Mientras el imponente templo sacramental va perfilando sus formas barrocas de la mano de Miguel de Zumárraga y Pedro Sánchez Falconete siguiendo el dictado del ya entonces difunto arcediano Mateo Vázquez de Leca, la familia Roldán se traslada a Orce en busca de mejores oportunidades. Será en Granada donde nuestro joven protagonista reciba sus primeras lecciones de escultura en el taller de Alonso de Mena, de cuya mano adquiere el oficio junto al hijo de éste, el gran Pedro de Mena. Tras la muerte del maestro, un Roldán ya casado y padre de una niña –María, aún no Luisa, que nacería más tarde– retorna a Sevilla. Abriría un taller propio en la collación de San Marcos, y en una primera etapa colaborará en retablos e incluso realizará pinturas, demostrando un carácter multidisciplinar poco común. En breve se mudará a la zona de Santa Marina y más tarde se afincará en el centro, en las calles Colcheros y de la Muela, hoy renombradas como Tetuán y O’Donnell respectivamente.
En paralelo –estamos ya a mitad del siglo–, la colosal iglesia del Sagrario se corona con las soberbias esculturas en piedra de José de Arce, que evocarán la grandiosidad de las basílicas de la misma Roma, y se finaliza la cripta, en la que descansarán notables arzobispos de nuestra ciudad. Llegada la década de 1660, la magna obra se da por concluida, aunque la decoración interior continuará aún en el siglo siguiente. Ya para entonces, Pedro Roldán goza de un enorme prestigio que lo codea con otros grandes artistas contemporáneos como Murillo, Valdés Leal o Bernardo Simón de Pineda entre otros, con quienes coincide en más de un proyecto.
De ellos, nos centraremos en los realizados para la Casa Grande de San Francisco –histórico convento que ocupaba la actual Plaza Nueva– o la posterior iglesia de San Jorge de la Santa Caridad. Para el primero de estos recintos, sabemos que Roldán labró junto a Francisco Dionisio de Ribas el fastuoso retablo del Descendimiento de la Cruz de la capilla de los Vizcaínos, cuya policromía habría de correr a cargo del mencionado Juan de Valdés Leal. Entre tanto, el altar mayor del Sagrario dará lugar a no pocos enconados debates, que se prolongarán en el tiempo entre los seguidores del Barroco y los amantes del Neoclásico, enemigos acérrimos de los anteriores. Fruto de esta discrepancia, el primitivo altar de Jerónimo de Balbás y Pedro Duque Cornejo quedaría desmontado en el XVIII acusado de un excesivo barroquismo. En tal diatriba, el ya mencionado retablo de la capilla de los Vizcaínos, tras la caída en desgracia de la Casa Grande franciscana por el saqueo napoleónico y el desinterés desamortizador, fue instalado en 1840 en su lugar.

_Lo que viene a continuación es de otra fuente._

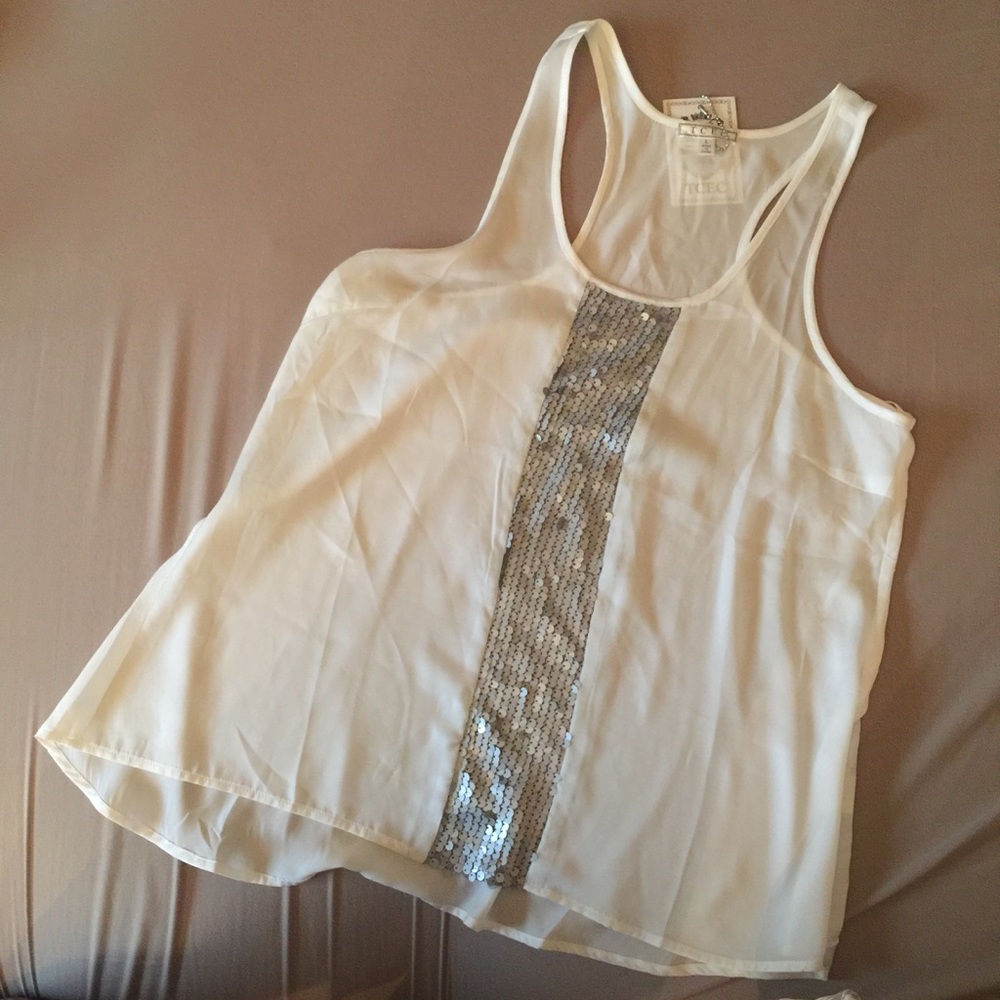 White silk camisole top with gray sequined details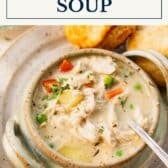 Chicken pot pie soup with a text title box at the top.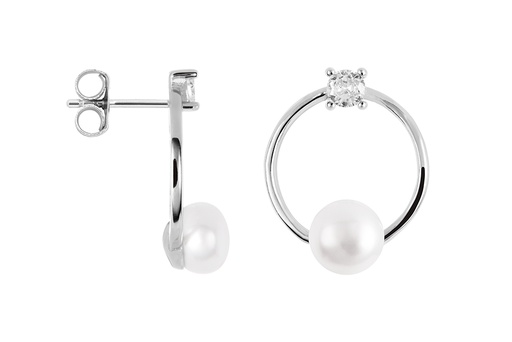 [18044EZPBLRD] Sterling silver ring with 4mm zirconia & 6mm pearl earring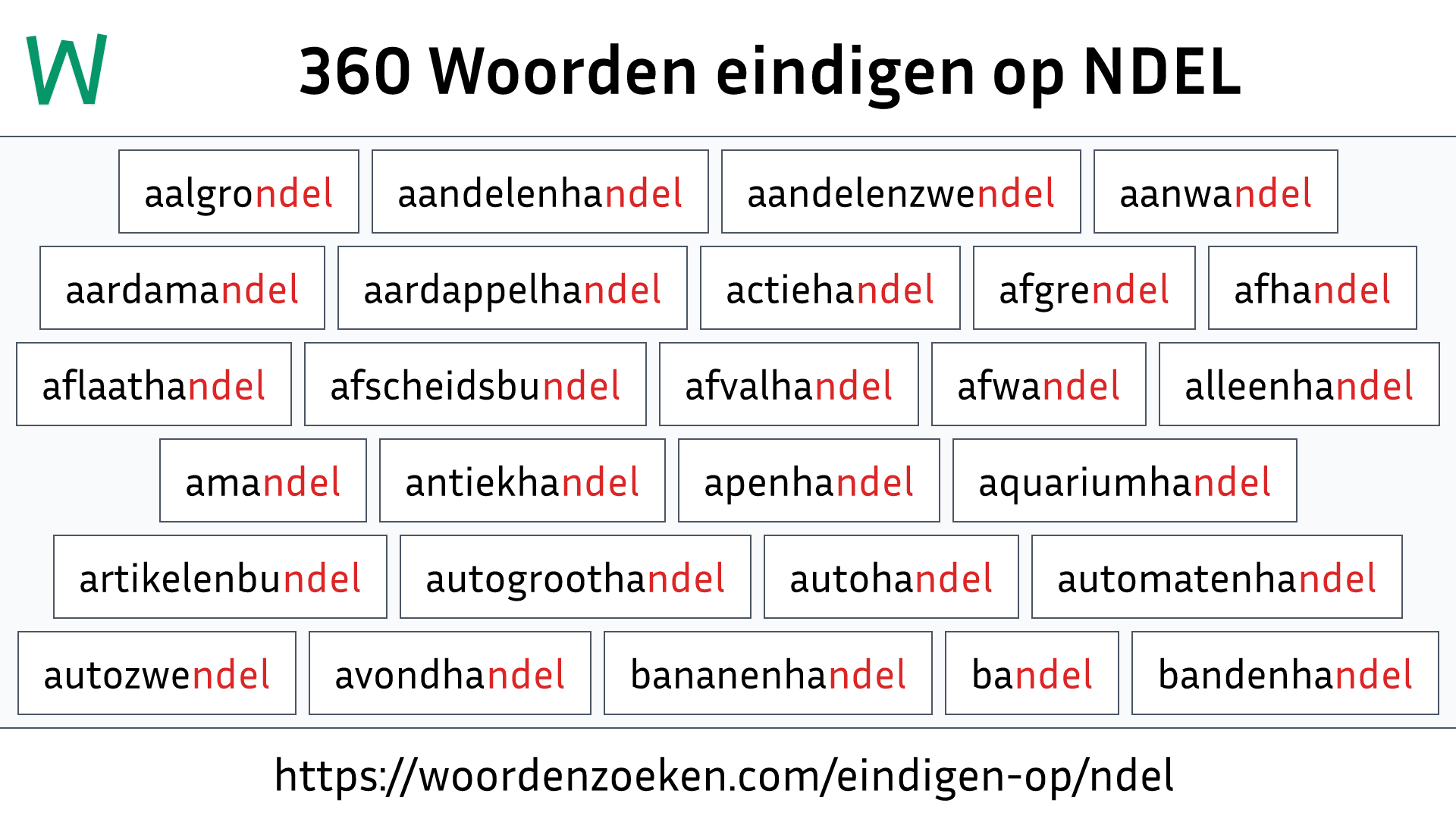 Woorden eindigen op NDEL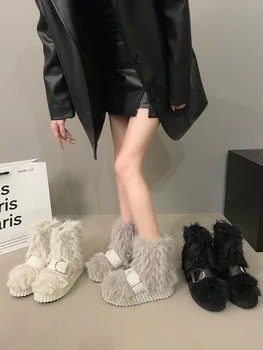 Зимние ботинки для женщин зимой Плюшевые и утолщенные, 2023, Новый Нишевый дизайн, обувь из северо-восточного хлопка на нескользящей толстой подошве
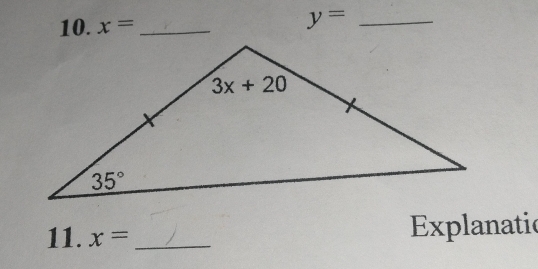 x= _
y= _
11. x= _ Explanatic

De este modo, por los caprichosos senderos del destino, una de las obras fundamentales de Pedro Roldán terminó coronando el altar mayor de la iglesia de su feligresía de nacimiento, aquella parroquia del Sagrario que ocupó el lugar de la sencilla capilla que lo vio recibir el Bautismo. Todo muy simbólico, sin duda. Ahora, algunos siglos después, ha querido el mismo azar –o mejor diríamos la Divina Providencia– que la necesaria restauración de tan insigne legado retablístico nos presente durante unos días la edificante talla de Jesús Descendido de la Cruz bajada al presbiterio para su encuentro con los fieles. Si no han tenido ocasión de verlo, no se lo pierdan. La Gloria ha bajado de los cielos ante nuestros ojos hasta final del presente junio. Imprégnense de ella.